I wait the full twelve days after Christmas until Epiphany to carry out
the sad but by now much needed task.
After all, I say I put them up partly as my Christmas Greeting to my
neighbors. I think they are very tired
of them by January.
Of all
the events in Jesus’ life that we celebrate, this one may seem the least
important. One may wonder why it got
priority on the church calendar in light of more important happenings (like the
calling of the disciples) that do not have their own feast
day.
I’m
glad that I have Epiphany to think about the Magi who traveled to worship
Jesus. Immersed within the birth,
ministry, and death of Jesus, Gentile interactions pop up. The Magi are the first Gentiles to worship
the one true King of all time. They
thought they were coming to celebrate the King of the Jews, but they discovered
a connection to the God of the Universe.
They certainly had a true
epiphany.
As I
take down my Christmas lights, I use Epiphany to reflect on what the Advent and
Christmas season has meant to me this year.

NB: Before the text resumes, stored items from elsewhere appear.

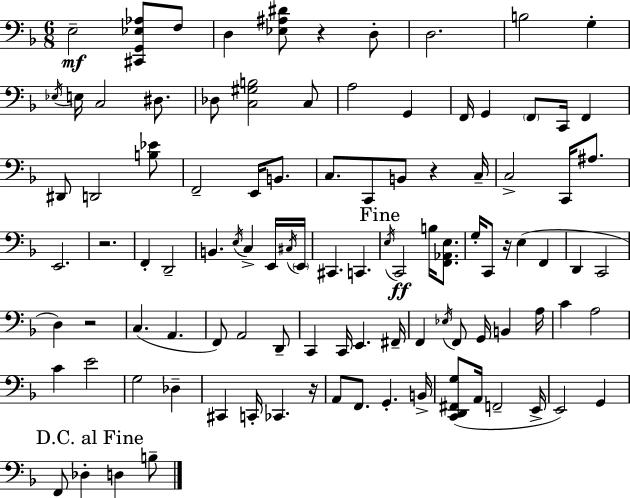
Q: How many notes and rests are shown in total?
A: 102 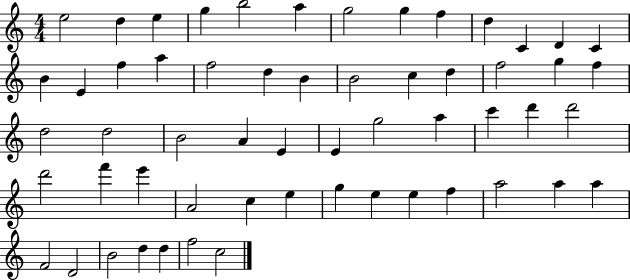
E5/h D5/q E5/q G5/q B5/h A5/q G5/h G5/q F5/q D5/q C4/q D4/q C4/q B4/q E4/q F5/q A5/q F5/h D5/q B4/q B4/h C5/q D5/q F5/h G5/q F5/q D5/h D5/h B4/h A4/q E4/q E4/q G5/h A5/q C6/q D6/q D6/h D6/h F6/q E6/q A4/h C5/q E5/q G5/q E5/q E5/q F5/q A5/h A5/q A5/q F4/h D4/h B4/h D5/q D5/q F5/h C5/h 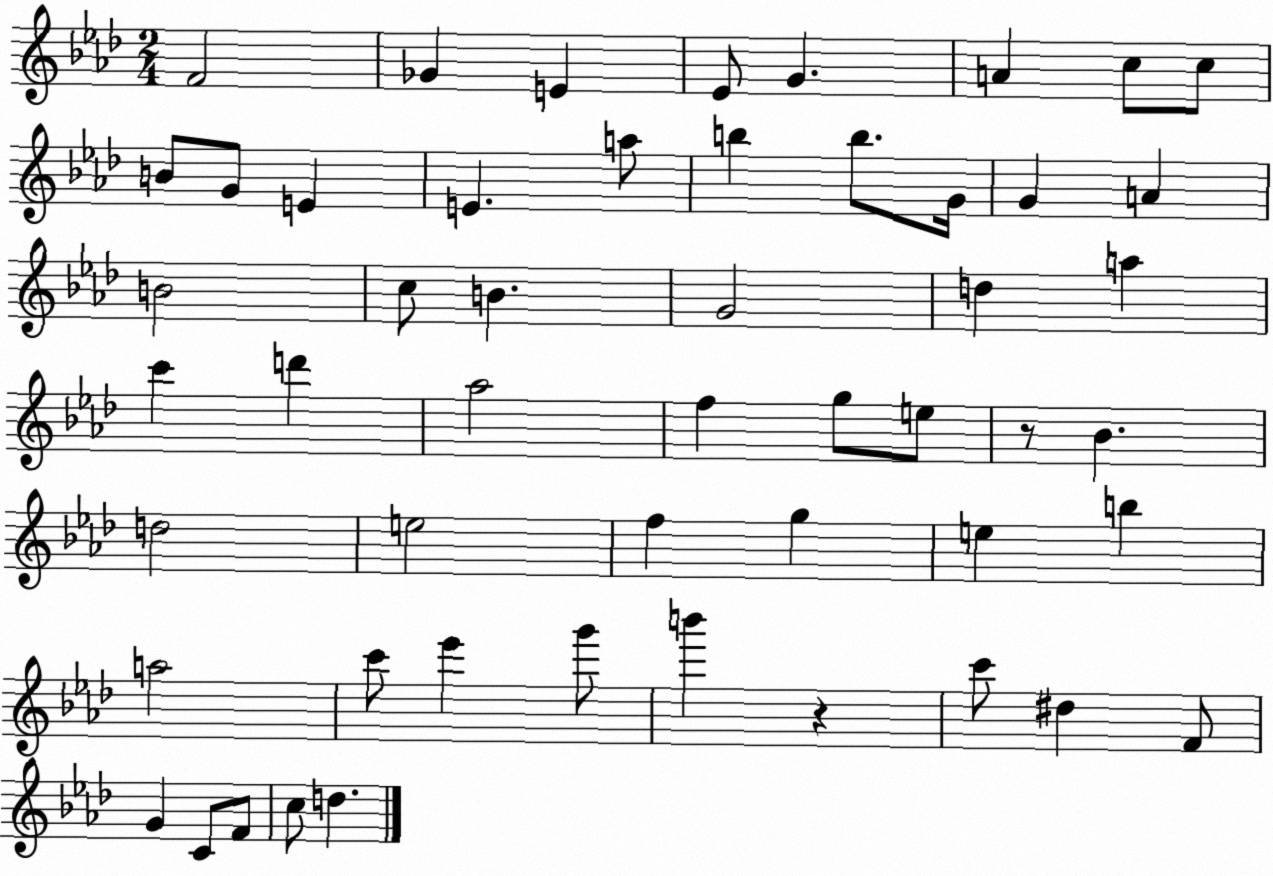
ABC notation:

X:1
T:Untitled
M:2/4
L:1/4
K:Ab
F2 _G E _E/2 G A c/2 c/2 B/2 G/2 E E a/2 b b/2 G/4 G A B2 c/2 B G2 d a c' d' _a2 f g/2 e/2 z/2 _B d2 e2 f g e b a2 c'/2 _e' g'/2 b' z c'/2 ^d F/2 G C/2 F/2 c/2 d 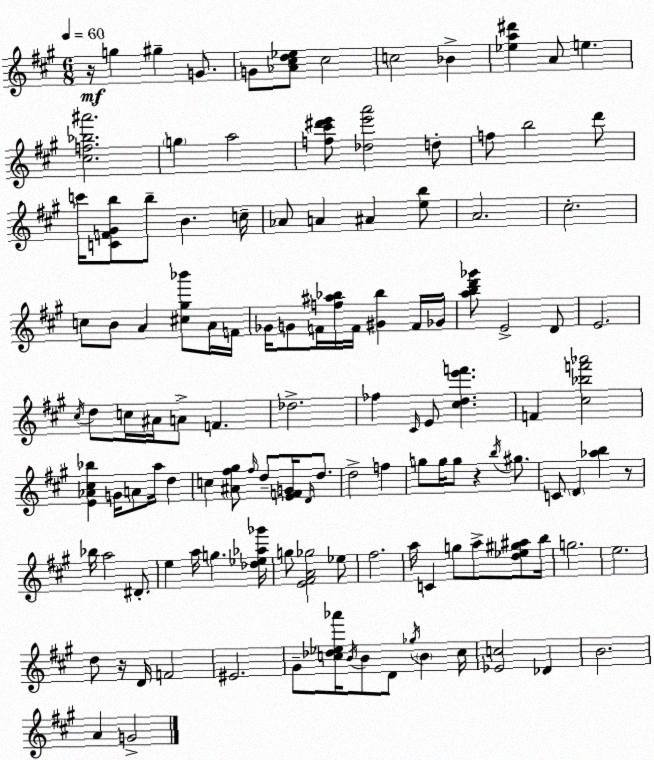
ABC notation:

X:1
T:Untitled
M:6/8
L:1/4
K:A
z/4 g ^g G/2 G/2 [_A^cd_e]/2 ^c2 c2 _B [_ea^d'] A/2 e [^cf_b^a']2 g a2 [f^c'^d'e']/2 [_de'a']2 d/2 f/2 b2 d'/2 c'/4 [CF^Gb]/2 b/2 B c/4 _A/2 A ^A [eb]/2 A2 ^c2 c/2 B/2 A [^c^g_b']/2 A/4 F/4 _G/4 G/2 F/4 [f^a_b]/4 F/4 [^G_b] F/4 _G/4 [abd'_g']/2 E2 D/2 E2 ^c/4 d/2 c/4 ^A/4 A/2 F _d2 _f ^C/4 E/2 [^cde'f'] F [^c_bf'_a']2 [E_A^c_b] G/4 A/2 a/4 d c [^A^f^g]/2 ^f/4 d/2 [EFG]/4 D/4 d/2 d2 f g/2 g/4 g/2 z b/4 ^g/2 C/2 D [_ab] z/2 _b/4 a2 ^D/2 e a/4 g [_d_e_a_g']/4 g/2 [E^FA_g]2 _e/2 ^f2 a/4 C g/2 a/2 [d_e^g^a]/2 b/4 g2 e2 d/2 z/4 D/4 F2 ^E2 ^G/2 [c_d_e_a']/4 B/4 B/2 D/2 _g/4 B c/4 [_Ec]2 _D B2 A G2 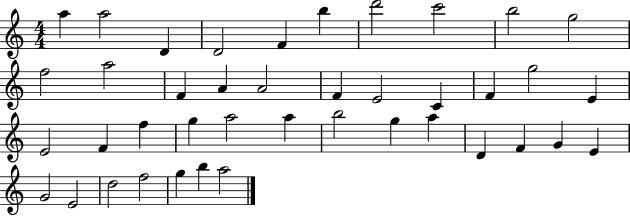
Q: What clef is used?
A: treble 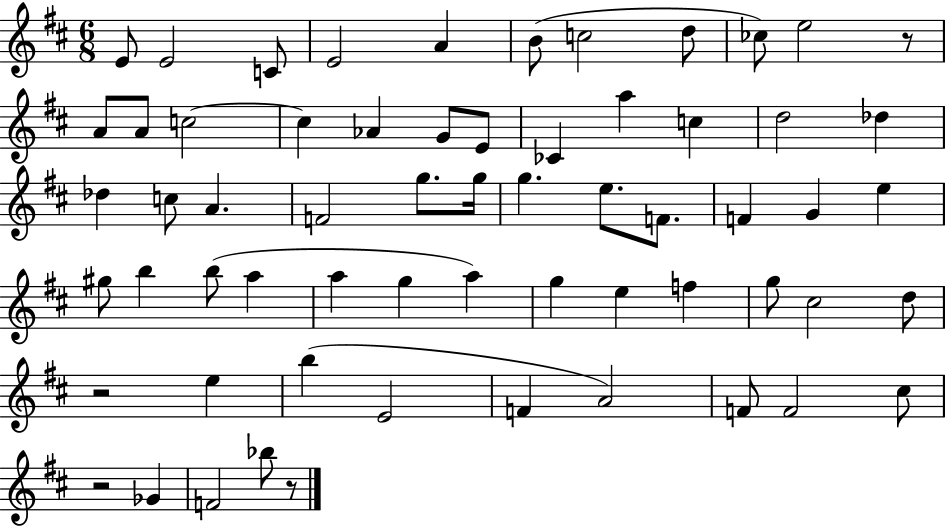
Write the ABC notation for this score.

X:1
T:Untitled
M:6/8
L:1/4
K:D
E/2 E2 C/2 E2 A B/2 c2 d/2 _c/2 e2 z/2 A/2 A/2 c2 c _A G/2 E/2 _C a c d2 _d _d c/2 A F2 g/2 g/4 g e/2 F/2 F G e ^g/2 b b/2 a a g a g e f g/2 ^c2 d/2 z2 e b E2 F A2 F/2 F2 ^c/2 z2 _G F2 _b/2 z/2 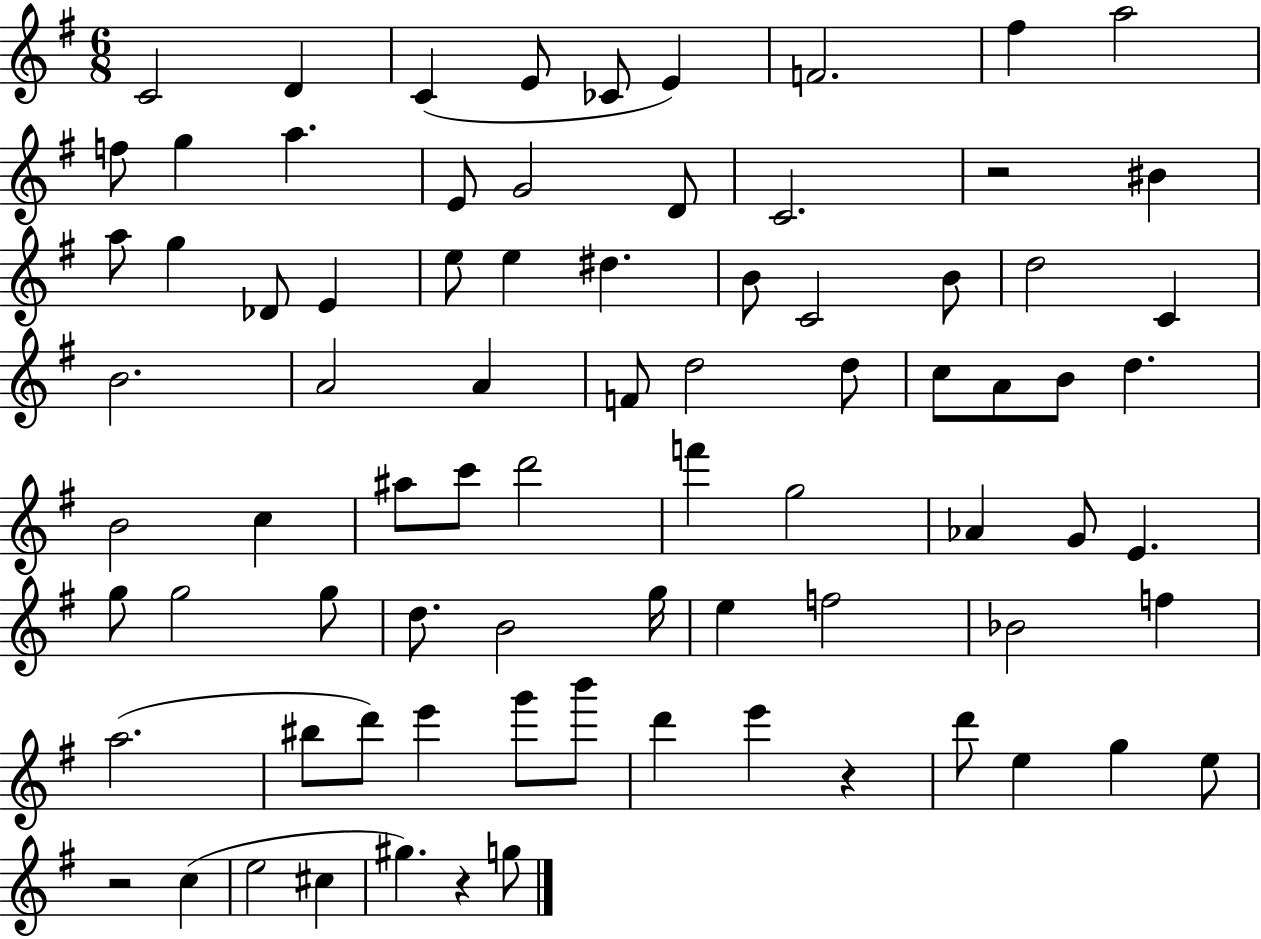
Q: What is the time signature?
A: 6/8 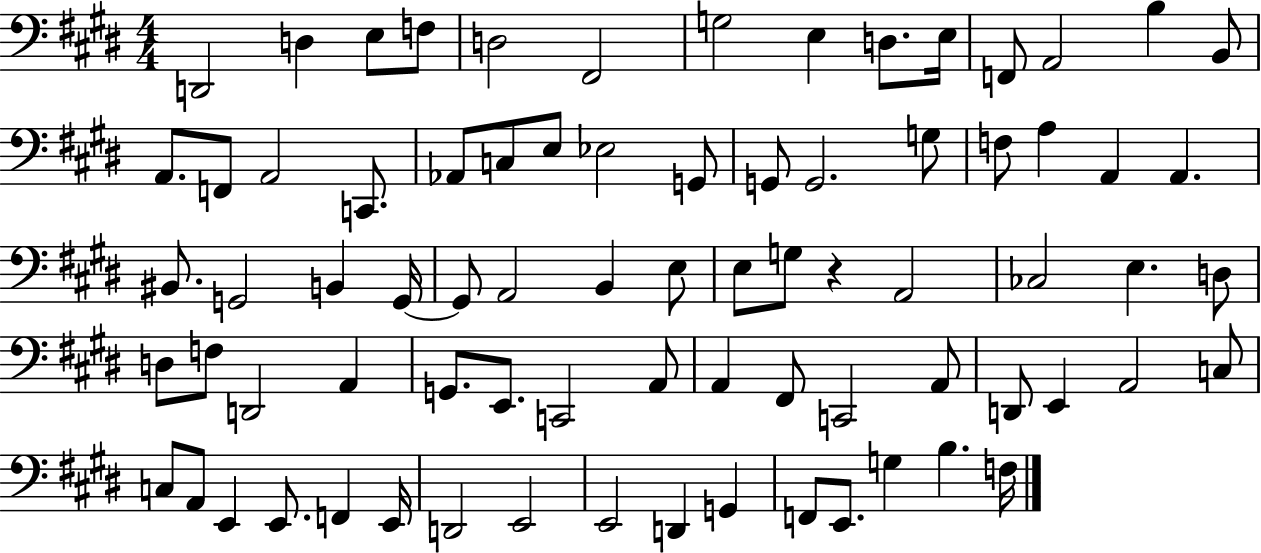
{
  \clef bass
  \numericTimeSignature
  \time 4/4
  \key e \major
  d,2 d4 e8 f8 | d2 fis,2 | g2 e4 d8. e16 | f,8 a,2 b4 b,8 | \break a,8. f,8 a,2 c,8. | aes,8 c8 e8 ees2 g,8 | g,8 g,2. g8 | f8 a4 a,4 a,4. | \break bis,8. g,2 b,4 g,16~~ | g,8 a,2 b,4 e8 | e8 g8 r4 a,2 | ces2 e4. d8 | \break d8 f8 d,2 a,4 | g,8. e,8. c,2 a,8 | a,4 fis,8 c,2 a,8 | d,8 e,4 a,2 c8 | \break c8 a,8 e,4 e,8. f,4 e,16 | d,2 e,2 | e,2 d,4 g,4 | f,8 e,8. g4 b4. f16 | \break \bar "|."
} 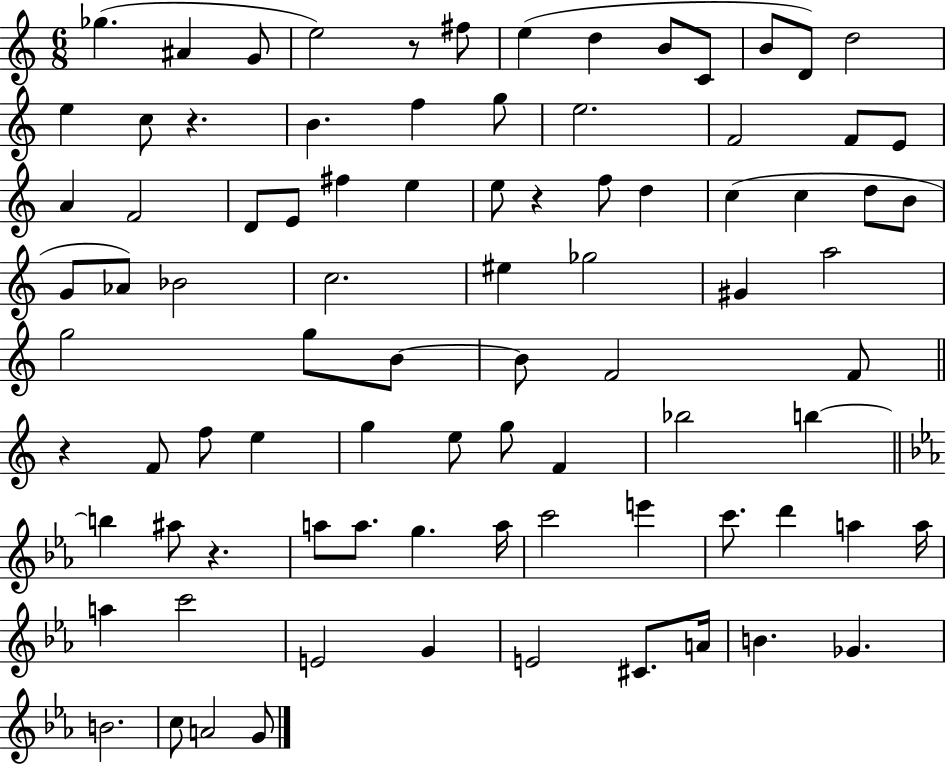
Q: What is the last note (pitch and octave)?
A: G4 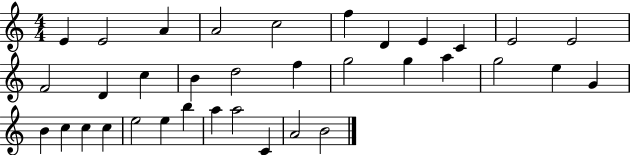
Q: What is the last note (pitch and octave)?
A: B4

I treasure my memories as I put away another Christmas season. I will never come to fully comprehend all
that God did for me at Christmas. I
certainly don’t have the desire nor the insight to figure out anything that God
has hidden in the stars—I have a hard time finding the big dipper and the little
dipper way up there. No, I’ll spend my
efforts concentrating on how to wind up the lights so that the right end is
ready to connect for the next Christmas.
What I
can immolate from the Wise Men is the worship of Jesus Christ the New Born
King. I can stop on this day and behold
Him by considering all that He came to this earth to do for me then and how much
He does for me now from His seated position at the right hand of
God.
After
all my gifts from Christmas are all put away, now I can think about Jesus the
way the Magi show me. Matthew 2:11 says:
On coming to the house, they saw the
child with his mother Mary, and they bowed down and worshiped him. Then they
opened their treasures and presented him with gifts of gold, frankincense and
myrrh.
I’ll
let this day remind me to bow down and worship Jesus and bring Him the gift He
most desires: my surrendered and humble heart.